> _Exercise_
Transcribe everything in the listing as written, and let no image into the copy.

> _Information shown_
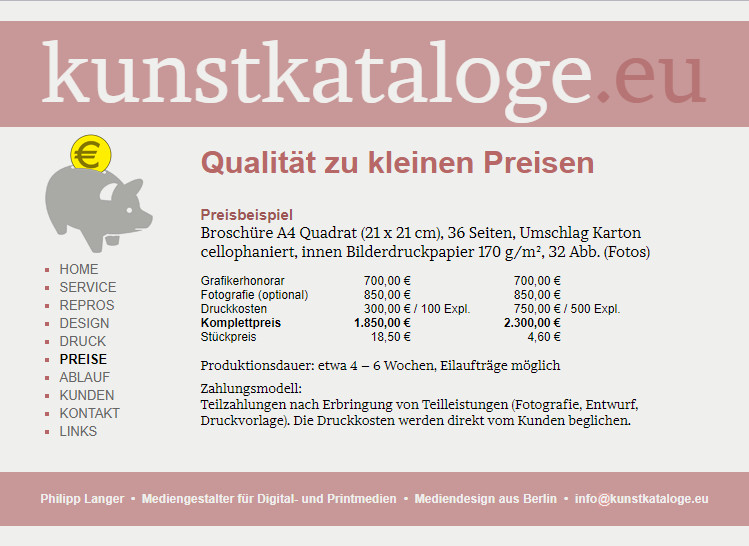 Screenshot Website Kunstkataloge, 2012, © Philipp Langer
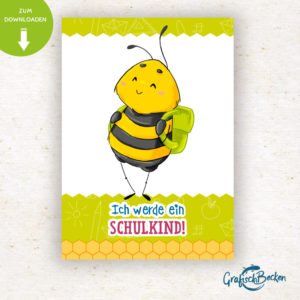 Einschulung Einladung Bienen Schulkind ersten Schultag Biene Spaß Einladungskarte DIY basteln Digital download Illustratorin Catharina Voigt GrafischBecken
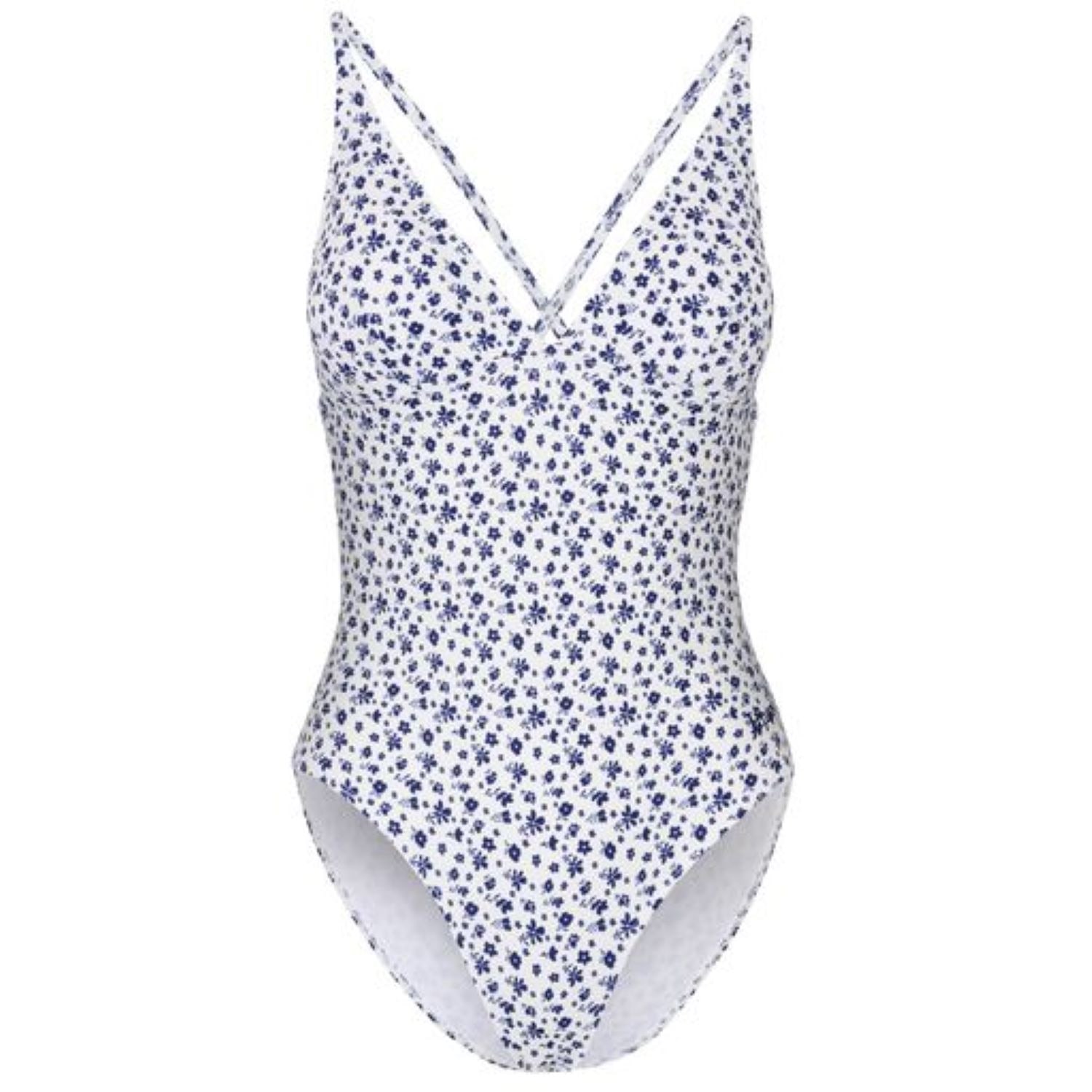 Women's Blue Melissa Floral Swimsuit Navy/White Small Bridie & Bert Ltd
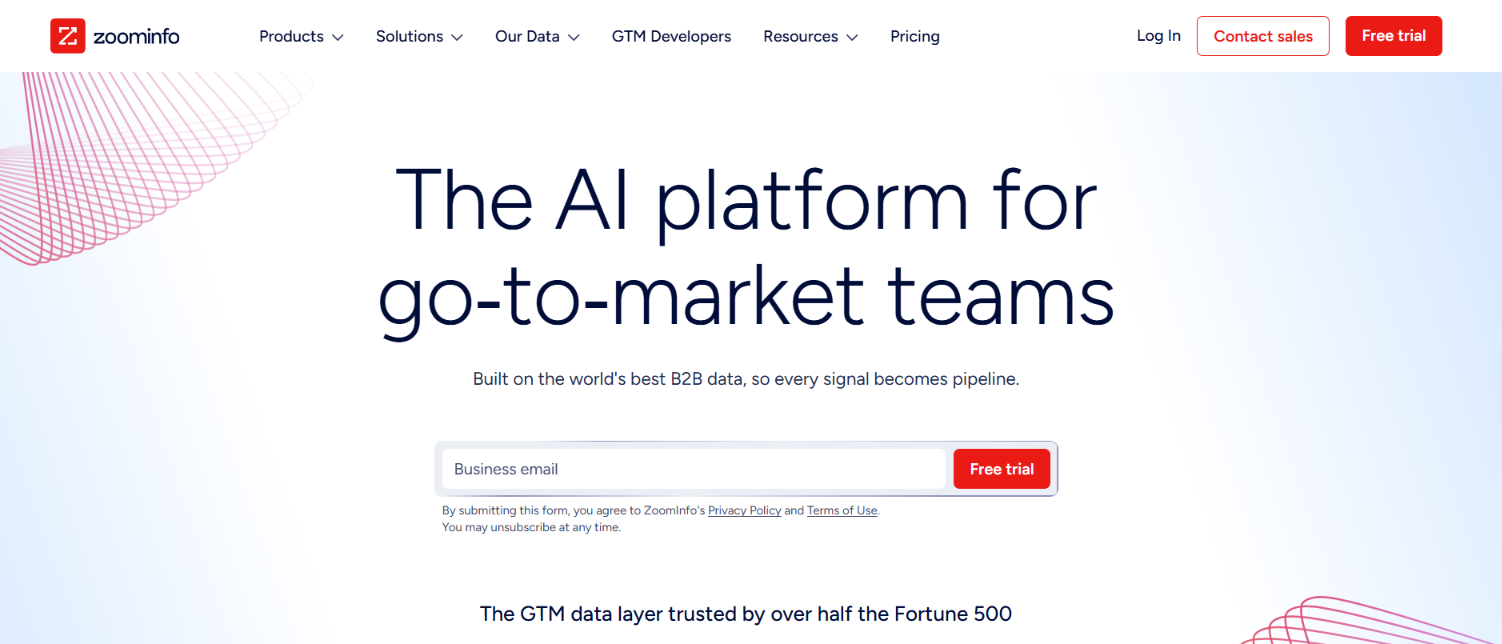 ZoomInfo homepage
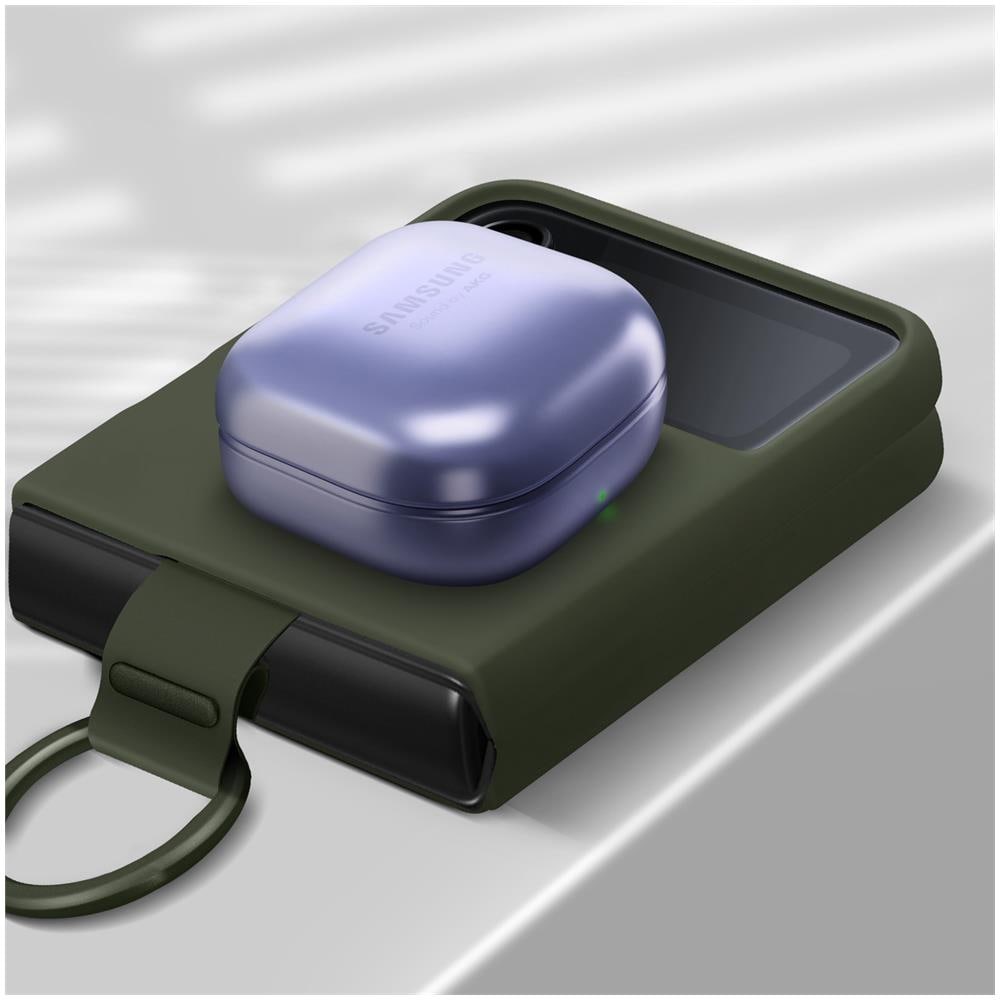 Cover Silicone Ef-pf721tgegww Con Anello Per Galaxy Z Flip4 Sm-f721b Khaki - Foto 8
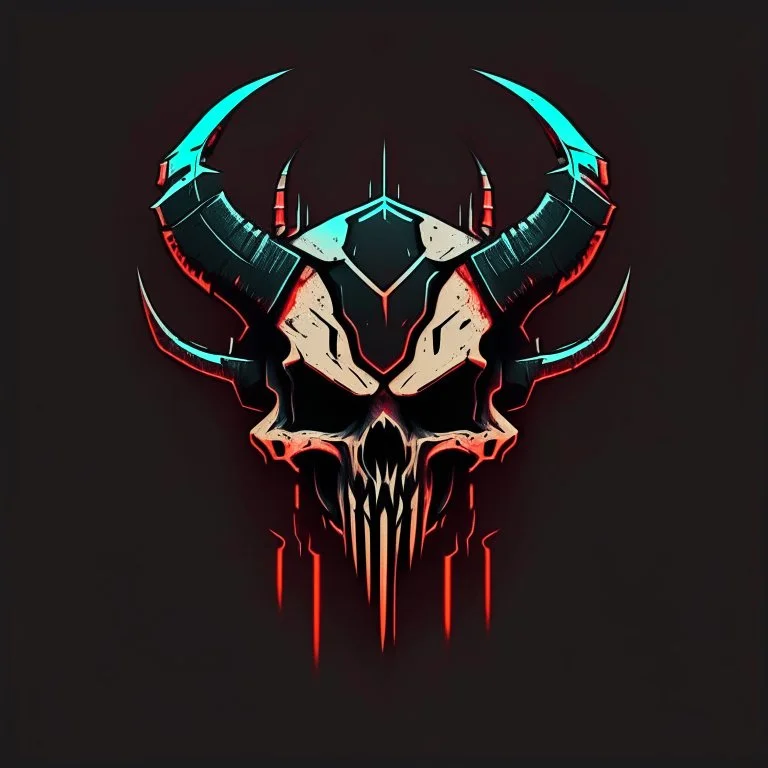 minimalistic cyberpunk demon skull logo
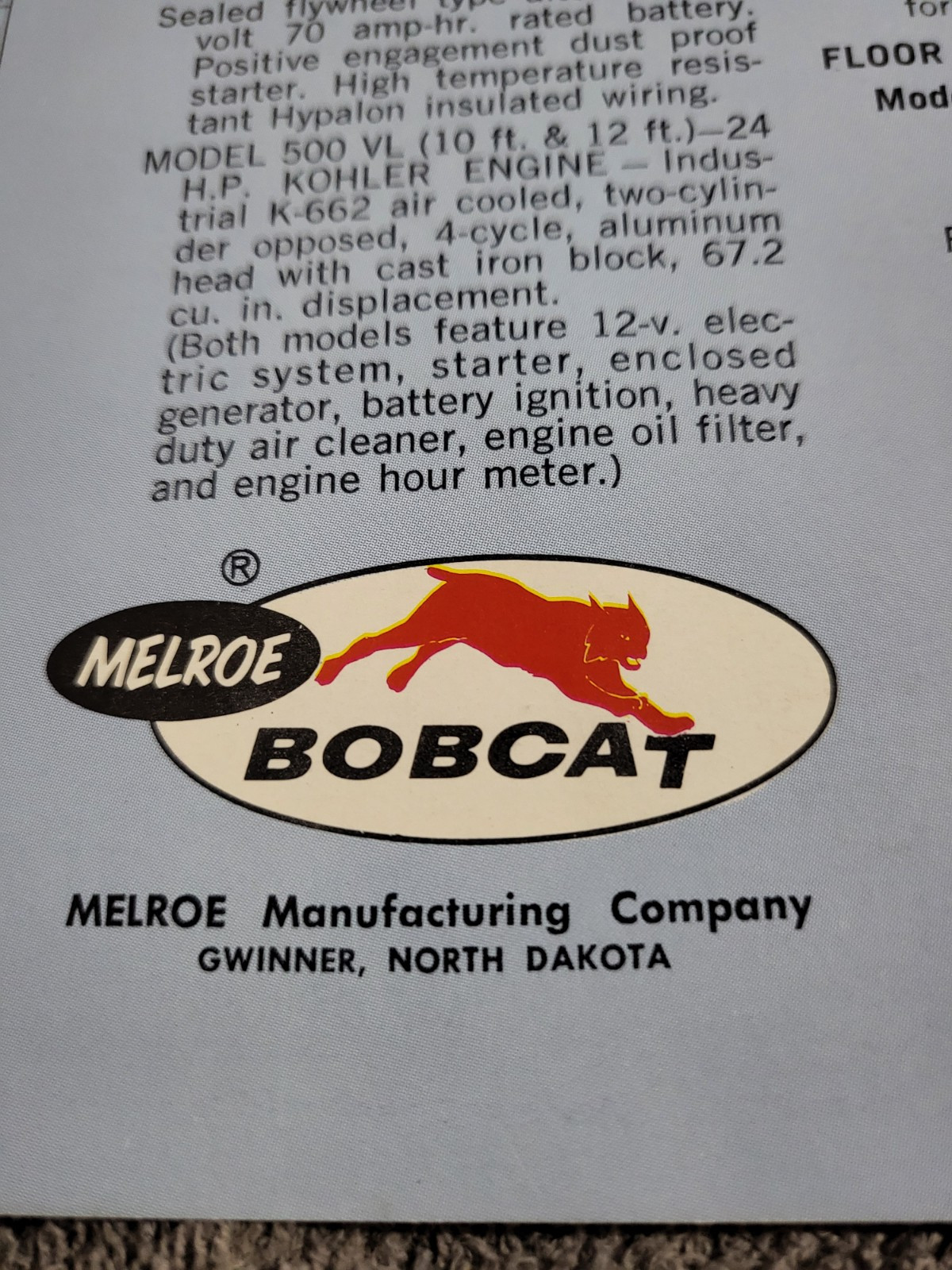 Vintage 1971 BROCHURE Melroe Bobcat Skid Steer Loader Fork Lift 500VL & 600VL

> _Task solution_
 Screenshot Website Kunstkataloge, 2012, © Philipp Langer
 Einschulung Einladung Bienen Schulkind ersten Schultag Biene Spaß Einladungskarte DIY basteln Digital download Illustratorin Catharina Voigt GrafischBecken
 Women's Blue Melissa Floral Swimsuit Navy/White Small Bridie & Bert Ltd
 ZoomInfo homepage
 Cover Silicone Ef-pf721tgegww Con Anello Per Galaxy Z Flip4 Sm-f721b Khaki - Foto 8
 minimalistic cyberpunk demon skull logo
 Vintage 1971 BROCHURE Melroe Bobcat Skid Steer Loader Fork Lift 500VL & 600VL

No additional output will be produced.